I wonder why it gets to be so tedious to argue with the hegemony people that there is always and in every case more to any political process than hegemonic or counterhegemonic moves.   If they accept this, just because it is difficult to disagree with the notion that “there is more than one thinks,” it is simply to sweep it under the table and ignore it in the next move, which is a move again entirely contained by hegemony theory.  But posthegemony obtains every time there is a failure of hegemony, and failures of hegemony are constant–otherwise there would be no politics.  Say, if I fail to be happy in my love for the leader, it is not because I am plotting a counterhegemonic move for the most part: it is because the hegemonic interpellation does not please me.   So, perhaps to avoid the tiresome repetition of the same obvious points every time, we should radicalize the position and say that posthegemony is the political moment or manifestation of infrapolitical jouissance.  And that, as such, it is, thank god, unavailable to any politician, ungraspable to them, and beyond capture.   It is the very distance from politics that opens up the gap of freedom, even if freedom is only the acceptance of necessity as such (as opposed to unfreedom, which is blindness to necessity camouflaged as hegemonic love.)

Infrapolitics and geopolitics. By Sergio Villalobos-Ruminott.
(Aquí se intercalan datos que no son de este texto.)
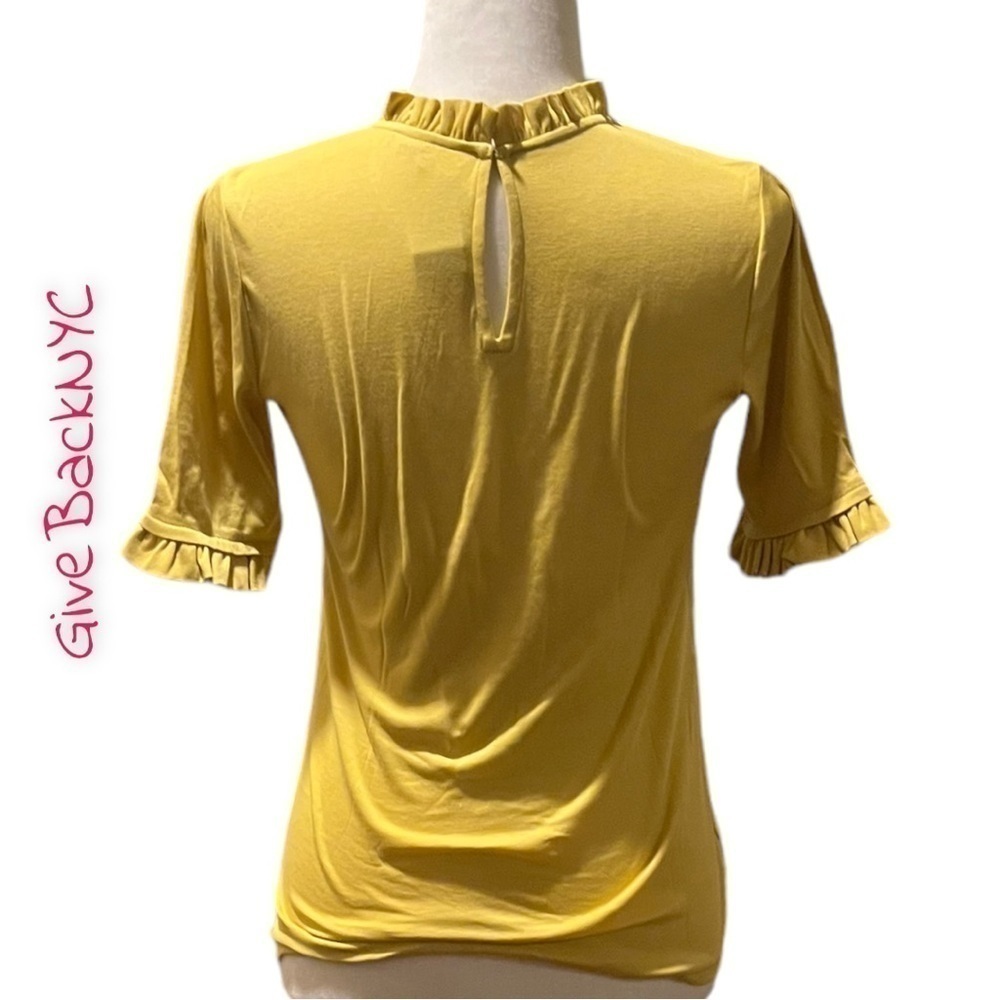 Ann Taylor Ruffle Neck Elbow Sleeve Top Yellow Size SP - Picture 2 of 4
Me pregunto ¿dónde está la relación entre infrapolítica y geopolítica. En qué radica, cómo se sostiene?…No es una pregunta cualquiera, sobre todo porque estaríamos asistiendo a un momento de radical agotamiento de las modernas filosofías de la historia (todas ellas, filosofías políticas por antonomasia), y en dicho agotamiento, la representación teleológica del tiempo histórico, sea como progreso o como revolución, como realización o como redención, tendería a desvanecerse. Pero dicho desvanecimiento no da paso, no ha dado paso, a una experiencia radical de indeterminación, sino, por el contrario, a la puesta en escena de las potencias nóminas que se disputan el mundo, y también la producción de su imagen. No es casual, en este contexto, que las llamadas epistemologías decoloniales vayan de la mano con un movimiento de des-occidentalización, como tampoco es casual que todo esto se haga en nombre de una política de la autenticidad, de la physis y la diferencia, entendida onto-antropológicamente. Entonces, si la geopolítica del conocimiento es la continuación natural (y neo-neo-kantiana) de la filosofía de la historia, ¿qué papel cumple la infrapolítica en cuanto desactivación de esa lógica del reconocimiento?

Mi argumento pasa por recuperar la pregunta por la historicidad, desde la crítica de Marx a las economías políticas clásicas y a la complementaria filosofía del derecho (dije de Marx, no del marxismo ni de los intentos por vehicular una salida práctica al problema en el mismo Marx); pregunta que constituye el horizonte de la reflexión heideggeriana sobre el Dasein, y que lo aparta radicalmente del horizonte neo-kantiano de su época, y que reaparece en el famoso seminario de Derrida sobre la cuestión del ser y la historia-historicidad en Heidegger. Pero, y quizás acá es donde veo la mayor potencia del argumento, también pasa por interrogar el estatuto de un pensamiento cosmopolita en el mismo Derrida, ya no investido con las figuras del iluminismo (heliopolítico), de la ley y del sujeto y la amistad. Un cosmopolitismo en retirada de la filosofía de la historia, excedente de la problemática del reconocimiento, amparado en la pregunta por la justicia, y decididamente entroncado con la cuestión de la responsabilidad europea, en todo su double-bind.

(Solo para empezar a participar en el grupo).